This is the economic argument - even if the US penny didn't cost more than a penny to produce, the reality is there are no transactions that truly require less than 10 cents anymore - you can't walk into any store/business in the US and spend less than 10 cents as your total. Anything that individually costs less than 10 cents (like say a single nail, or a single slice of bread) can be easily bundled into a group for 10 cent increments.In the end it says more about the state of the economy, and inflation, than anything else. Part of the reasoning up here was also what actually can you get for a penny anymore?
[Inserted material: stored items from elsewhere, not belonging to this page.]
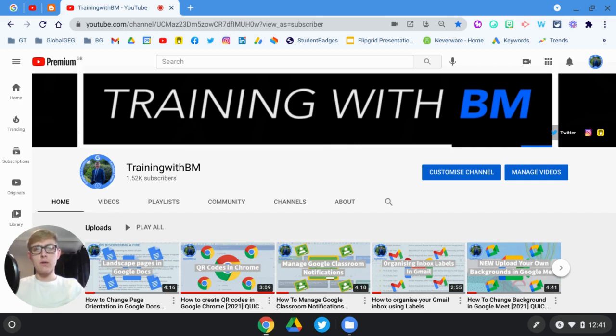But just before I get started, if you haven't already subscribed to my channel, click that subscribe button below and turn on my notifications so you don't miss any future videos. So let's get started.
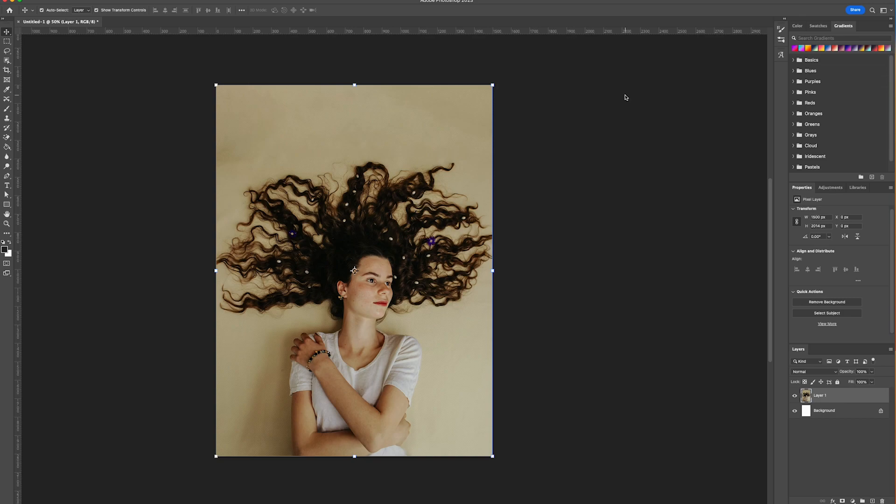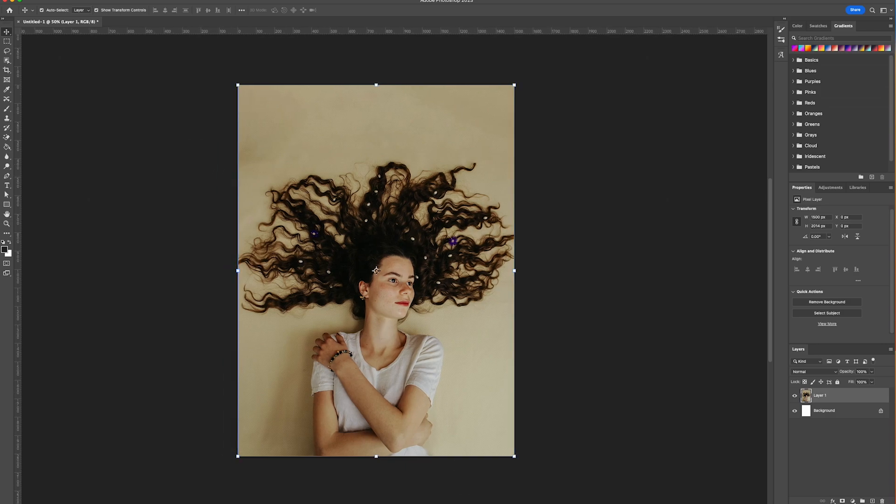Hello and welcome to Creative Nerds. In this Photoshop tutorial we're showing you how you can create an underwater photo effect. It's an effect that you can apply to almost any photo. So let's jump straight into it.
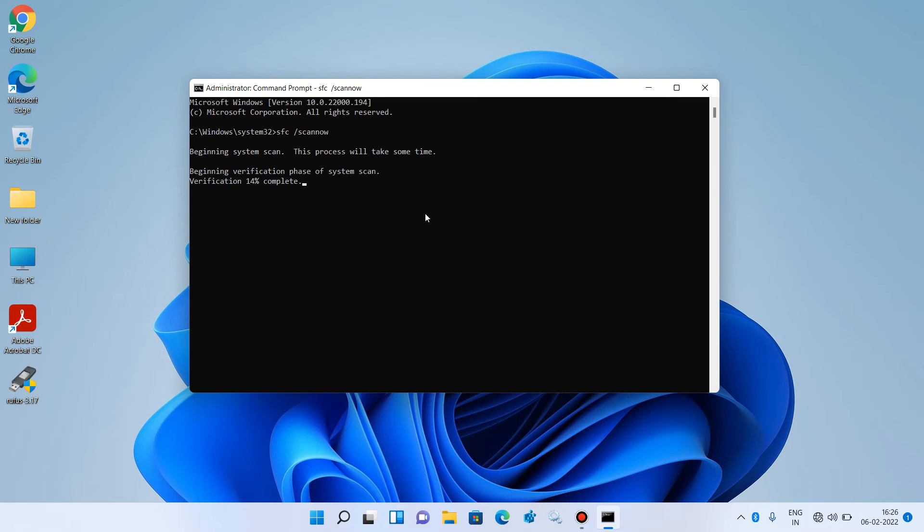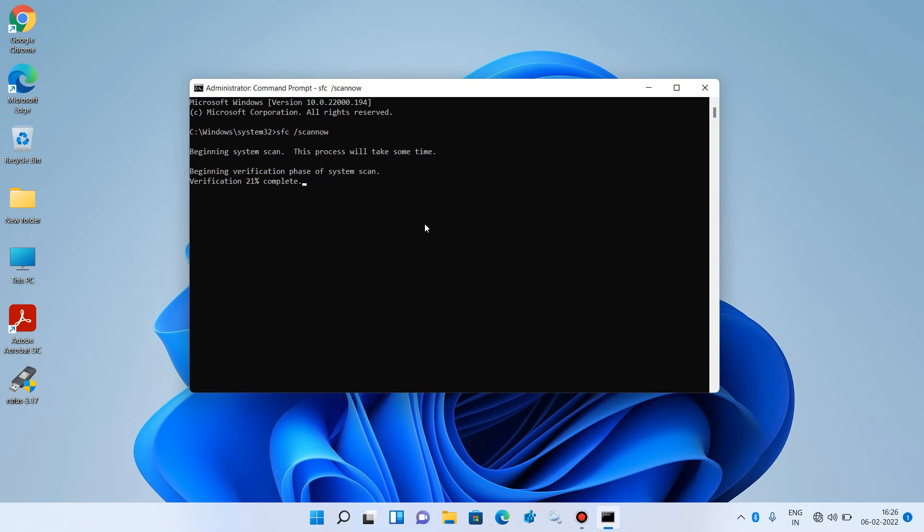After the completion of this process, if it finds any corrupted files, it will display the details of those corrupted files along with the repair report. But if it doesn't find any corrupted files, it will display a message: Windows couldn't find any integrity violation.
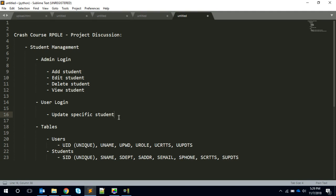What we're going to do here - basically it's a student management system with two types: admin and student. The first screen will ask whether you are admin or a student, and then based on that you'll have to log in with username and password, then it goes to the second screen.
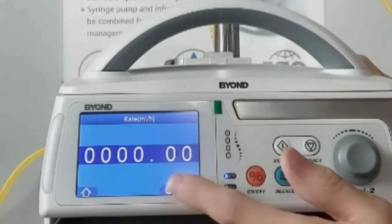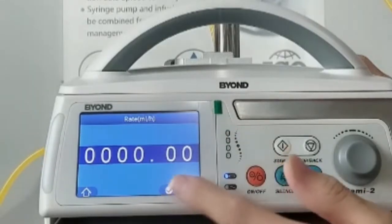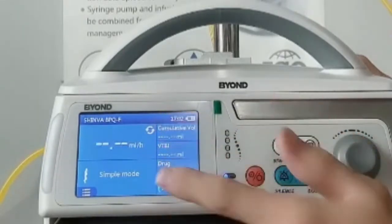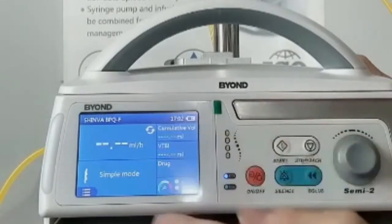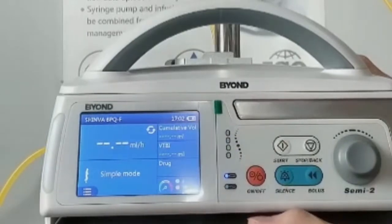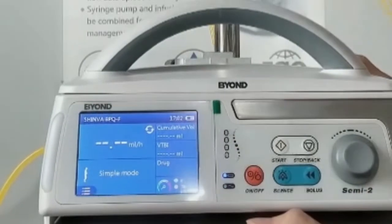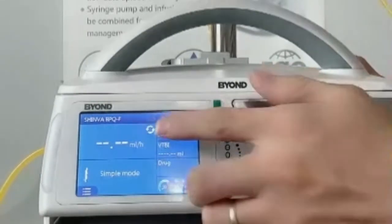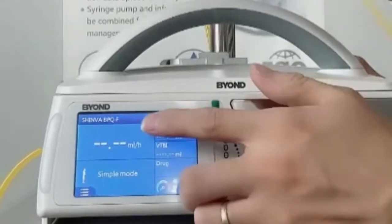This is the rate. You can change from milliliter per hour to drop per minutes for the units here.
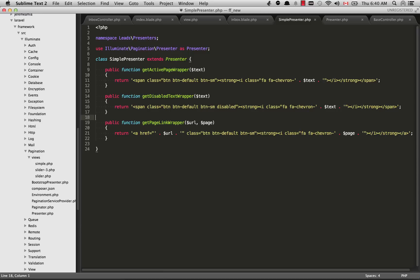How's it going YouTube? In this video we are going to talk about creating custom pagination within Laravel 4.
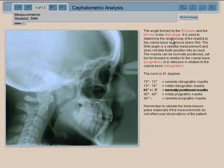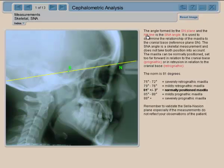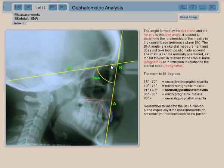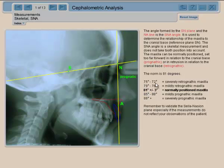Let's look at SNA. We have determined some points and we know the plane — this is the reference plane. We trace the NA line and we have the SNA angle, which is the junction between SN and NA. It gives you the projection of the maxilla in relation to Steiner's reference plane. If the SNA is larger than the norm — which is 81 degrees — you have a prognathic maxilla.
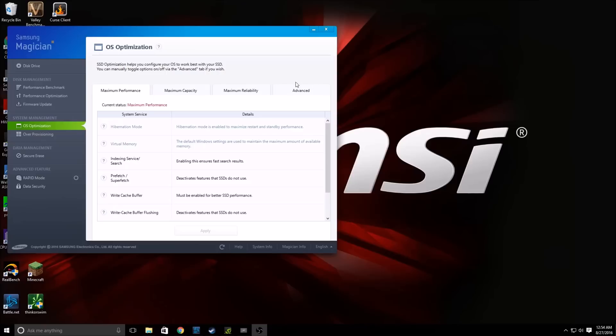I do not recommend going to this Advanced tab unless you know what you're doing. I currently have chosen Maximum Performance as this is the drive that I run Windows 10 on. And since this is not a workstation, I do not care about the reliability or the capacity of this drive. Really, this drive is just for critical programs and Windows 10. So I've chosen Maximum Performance.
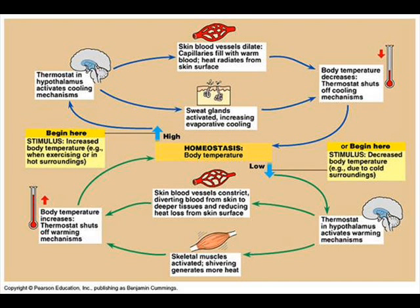Thermal regulation is the regulation of core body temperature. A stimulus could be increased body temperature, for example when you're exercising or in hot surroundings.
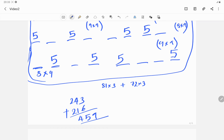With this we have almost completed 80% of the digit-based type of questions from the topic permutations and combinations. There are a few more questions that will be dealt with in the next video. Thank you for listening.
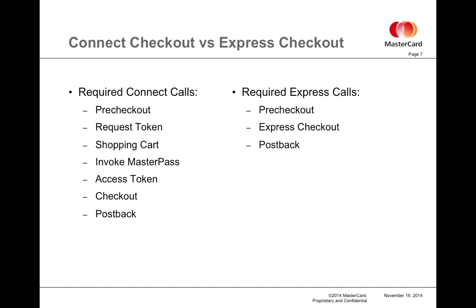Express Checkout simply requires the merchant to call pre-checkout to load the card alias and shipping addresses onto their page so the user may make a selection. And then once the user has made their selection, the merchant calls Express Checkout to retrieve the full PAN card number. Once that's done, they can process the payment and then post the results back to MasterPass. It is much more lightweight and enables more seamless integration into a mobile experience as well as a faster checkout experience whether you're on the web or not.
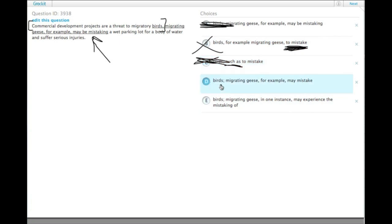D, we have birds, semicolon. Migrating geese, for example, may mistake. Okay. That's possible.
We are just used to 2 decimal places for pricing, but at this time 1 decimal places is enough precision for differentiating prices on low cost goods. (Things that we measure by the weight or by the liquid volume for pricing can just be recalibrated to 0.10 increments).
The US should really discontinue the nickel and quarter as well, and have a dime (for now), half-dollar, dollar and five-dollar coins along with 10 and 50 bills which would be enough for almost all legal transactions before electronic transfer would kick in. And require taxes to be built into prices and fees to be in 0.10 increments so that all prices fall to 1 decimal places.
Paper money does have value though, especially for people and situations when having electronic transfer is impractical (locations outside of networks, small transactions, events and fundraisers, etc.) or for people who cannot afford traditional banking or electronic devices - still a thing.